The other day, I screamed at my kids. I told them I was going to take the TV and throw it over the fence and into the road so we wouldn’t have a TV anymore. I yelled at them and told them I wasn’t their maid, and they had responsibilities too. As a family, all of us melted down. It was just one example of one moment in one day where motherhood sucked.

It was a hard morning. I started off making blueberry waffles for my kids, and my Instagram story showed that we had such a great morning with a homemade breakfast. If I had stopped recording my morning there, my followers would have thought that was my reality for the day. However, that wasn’t my reality for that day, so I decided to share what happened after that. The response I got was overwhelming. It showed me that moms should be more transparent about our hard days, and that it’s okay that sometimes things suck.

I think it’s so important to remember the moments we don’t often see.

Kids are Hard

Right when my kids woke up, they turned on the TV, which I hate. They became zombies. My house was a mess. I usually clean for about an hour each night, but I didn’t last night, so I woke up to a messy house, which triggers my anxiety. I tried to put a shirt on Phoenix, and she freaked out because she didn’t want that shirt that day. I looked in Lincoln’s notebook, and there was a note from his teacher that he wasn’t listening. I told him I was disappointed that he hadn’t changed his behavior, so he started crying. There were dishes everywhere from breakfast and the night before, and I snapped that they weren’t doing their part around the house. I was frustrated.

I found myself wishing I had a backup person to tell my kids to listen to their mom. Both kids ran to their room crying, and I took a moment to finish my breakfast before talking to them. Afterward, I told them I loved them, even though we argue. I drove them to school because I couldn’t take the walk that day. I told them we needed to change our game plan, that we were taking a break from electronics and working to go to bed on time. They went to school, we got through it, but the mom guilt was real afterwards.

Once the kids went to school, I went on my Instagram story to vent and to share a real moment with my followers. My morning Instagram story may have started out with a wholesome breakfast with my loving children, but it ended up being a disaster. I was yelling, they were crying, and I felt intense mom guilt. I shared all of that, and I think it’s so important to remember the moments we don’t often see. Perfection is a myth, and my life has a ton of these moments, just like every other mom out there.
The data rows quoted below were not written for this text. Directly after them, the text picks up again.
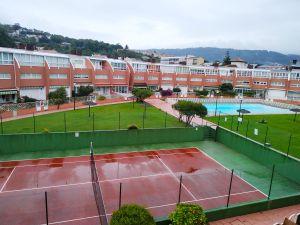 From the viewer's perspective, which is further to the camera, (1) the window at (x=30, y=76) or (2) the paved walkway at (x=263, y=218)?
(1) the window at (x=30, y=76)

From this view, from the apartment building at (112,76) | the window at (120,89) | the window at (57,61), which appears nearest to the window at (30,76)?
the apartment building at (112,76)

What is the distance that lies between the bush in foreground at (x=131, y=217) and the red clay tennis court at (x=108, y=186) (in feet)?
13.2

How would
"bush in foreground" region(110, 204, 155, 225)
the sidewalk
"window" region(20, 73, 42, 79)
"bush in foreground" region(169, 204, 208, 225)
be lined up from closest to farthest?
"bush in foreground" region(110, 204, 155, 225) → "bush in foreground" region(169, 204, 208, 225) → the sidewalk → "window" region(20, 73, 42, 79)

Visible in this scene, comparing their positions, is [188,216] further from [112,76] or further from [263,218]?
[112,76]

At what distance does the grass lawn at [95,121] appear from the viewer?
91.7ft

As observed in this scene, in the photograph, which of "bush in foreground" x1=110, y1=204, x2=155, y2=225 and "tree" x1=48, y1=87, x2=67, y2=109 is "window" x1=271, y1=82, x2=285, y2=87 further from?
"bush in foreground" x1=110, y1=204, x2=155, y2=225

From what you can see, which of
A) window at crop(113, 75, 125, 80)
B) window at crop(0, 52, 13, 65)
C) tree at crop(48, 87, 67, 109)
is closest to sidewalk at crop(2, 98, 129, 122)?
tree at crop(48, 87, 67, 109)

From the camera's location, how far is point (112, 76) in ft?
184

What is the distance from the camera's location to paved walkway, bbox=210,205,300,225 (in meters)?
13.1

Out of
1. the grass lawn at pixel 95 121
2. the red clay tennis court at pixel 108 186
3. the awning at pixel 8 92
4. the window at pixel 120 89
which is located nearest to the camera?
the red clay tennis court at pixel 108 186

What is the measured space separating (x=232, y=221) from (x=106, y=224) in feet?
19.0

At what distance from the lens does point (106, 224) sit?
12422 millimetres

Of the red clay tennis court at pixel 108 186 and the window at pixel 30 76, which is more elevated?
the window at pixel 30 76

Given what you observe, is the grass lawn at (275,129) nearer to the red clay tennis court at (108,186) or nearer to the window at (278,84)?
the red clay tennis court at (108,186) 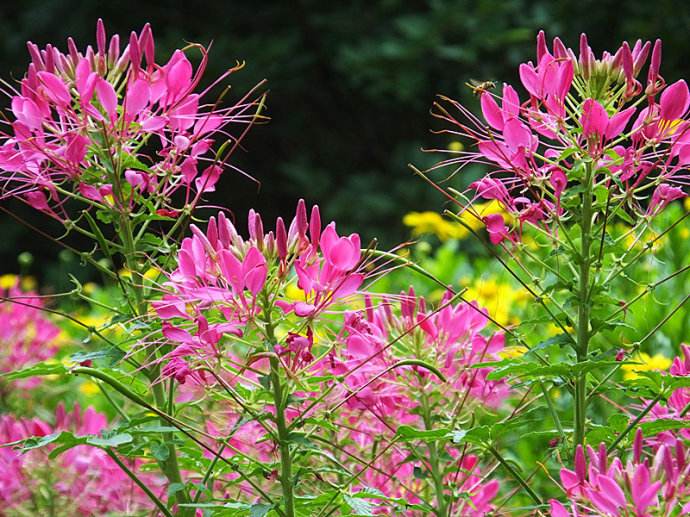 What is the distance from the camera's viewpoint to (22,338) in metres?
2.50

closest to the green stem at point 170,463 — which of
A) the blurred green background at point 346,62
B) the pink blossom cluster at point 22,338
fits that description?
the pink blossom cluster at point 22,338

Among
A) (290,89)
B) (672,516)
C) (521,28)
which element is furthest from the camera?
(290,89)

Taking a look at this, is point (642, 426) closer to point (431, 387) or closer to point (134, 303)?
point (431, 387)

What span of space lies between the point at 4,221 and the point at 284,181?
202 cm

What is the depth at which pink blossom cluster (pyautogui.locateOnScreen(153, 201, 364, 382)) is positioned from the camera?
3.67 ft

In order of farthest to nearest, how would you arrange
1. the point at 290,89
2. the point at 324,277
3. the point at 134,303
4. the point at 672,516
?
the point at 290,89 < the point at 134,303 < the point at 324,277 < the point at 672,516

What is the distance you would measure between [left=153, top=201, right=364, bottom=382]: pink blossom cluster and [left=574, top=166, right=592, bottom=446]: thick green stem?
283 millimetres

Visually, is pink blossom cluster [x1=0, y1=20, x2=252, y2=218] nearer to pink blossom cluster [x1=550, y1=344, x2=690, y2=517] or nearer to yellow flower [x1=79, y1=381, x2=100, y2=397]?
pink blossom cluster [x1=550, y1=344, x2=690, y2=517]

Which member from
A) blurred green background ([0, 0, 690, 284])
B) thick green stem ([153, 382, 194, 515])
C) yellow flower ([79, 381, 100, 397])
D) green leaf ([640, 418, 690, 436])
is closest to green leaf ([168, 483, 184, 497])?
thick green stem ([153, 382, 194, 515])

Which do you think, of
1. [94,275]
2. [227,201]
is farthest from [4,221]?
[227,201]

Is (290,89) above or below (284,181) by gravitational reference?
above

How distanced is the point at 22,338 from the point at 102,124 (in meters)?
1.39

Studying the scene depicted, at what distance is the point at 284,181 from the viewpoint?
7633 mm

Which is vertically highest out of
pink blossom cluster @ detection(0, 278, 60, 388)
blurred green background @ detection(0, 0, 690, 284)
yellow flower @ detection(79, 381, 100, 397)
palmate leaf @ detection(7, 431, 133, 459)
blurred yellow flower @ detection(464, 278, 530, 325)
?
blurred green background @ detection(0, 0, 690, 284) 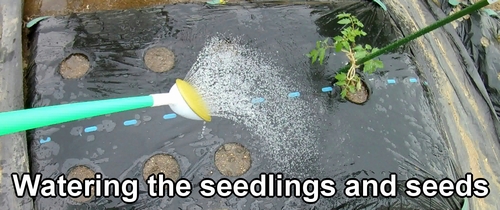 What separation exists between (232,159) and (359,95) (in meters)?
Result: 0.76

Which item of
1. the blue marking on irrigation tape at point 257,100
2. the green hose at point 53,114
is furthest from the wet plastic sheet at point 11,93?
the blue marking on irrigation tape at point 257,100

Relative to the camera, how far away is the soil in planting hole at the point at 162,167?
1.76 meters

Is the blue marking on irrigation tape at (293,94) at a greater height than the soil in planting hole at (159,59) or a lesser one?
lesser

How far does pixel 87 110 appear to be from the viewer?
121cm

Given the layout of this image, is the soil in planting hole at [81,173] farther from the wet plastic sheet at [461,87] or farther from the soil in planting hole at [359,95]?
the wet plastic sheet at [461,87]

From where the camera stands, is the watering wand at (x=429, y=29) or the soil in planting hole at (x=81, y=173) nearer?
the watering wand at (x=429, y=29)

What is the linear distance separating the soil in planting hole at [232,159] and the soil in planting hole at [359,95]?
623 millimetres

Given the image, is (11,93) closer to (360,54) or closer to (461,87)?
(360,54)

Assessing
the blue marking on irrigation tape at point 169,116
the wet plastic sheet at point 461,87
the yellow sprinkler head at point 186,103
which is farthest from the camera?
the wet plastic sheet at point 461,87

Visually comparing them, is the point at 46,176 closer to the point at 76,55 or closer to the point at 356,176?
the point at 76,55

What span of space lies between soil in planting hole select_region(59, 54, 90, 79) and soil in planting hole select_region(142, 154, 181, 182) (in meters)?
0.60

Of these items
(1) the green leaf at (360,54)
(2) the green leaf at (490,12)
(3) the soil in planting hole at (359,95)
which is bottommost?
(3) the soil in planting hole at (359,95)

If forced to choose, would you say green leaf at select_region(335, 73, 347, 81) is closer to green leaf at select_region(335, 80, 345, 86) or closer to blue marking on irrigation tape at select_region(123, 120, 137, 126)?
green leaf at select_region(335, 80, 345, 86)

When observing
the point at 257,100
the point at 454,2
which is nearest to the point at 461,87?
the point at 454,2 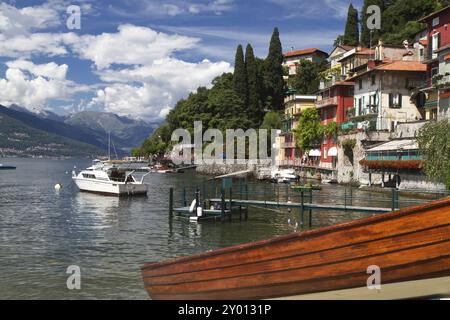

At the end of the day, if I’m not taking care of myself, no one else is going to do that.

Self-Care is Important

I made a plan for my kids, but I also made a plan for myself. I need to get my morning workouts in, eat better, get myself ready during the day, and do little things for me — like putting on my self-tanner, tidying my house, and working in my garden. At the end of the day, if I’m not taking care of myself, no one else is going to do that. One unexpected aspect of my self-care was to be open and honest about my story on Instagram. Not only was I overwhelmed with responses from all of you encouraging me and making me feel understood, I was also given a lot of helpful tips and advice. More than anything, I heard from a lot of moms that they really needed that transparency and often felt alone in their “motherhood sucks” moments.

It’s so important to utilize our community of moms as an aspect of our self-care. That can be scary, because mom shaming is a real thing. But honestly, all I got were funny, loving, and helpful responses from all of you. You all told me I was a great mom, that I wasn’t alone, that my story helped you, that these struggles were relatable, that married moms struggled with these issues too, and that I should show myself some grace. I can’t thank you enough for all of your responses. They really helped me.

I’ve shared some of the responses I got on that Instagram story so that you can all see how much love is out there in the motherhood community. All of us experience times where being a mom sucks. It’s hard, kids are grumpy, and we aren’t always the best at handling it. But that’s okay, and it’s important that we all remember that things aren’t always rainbows and butterflies.

Thank you so much to those who reached out to me on that day.

Show yourselves the same grace you showed me.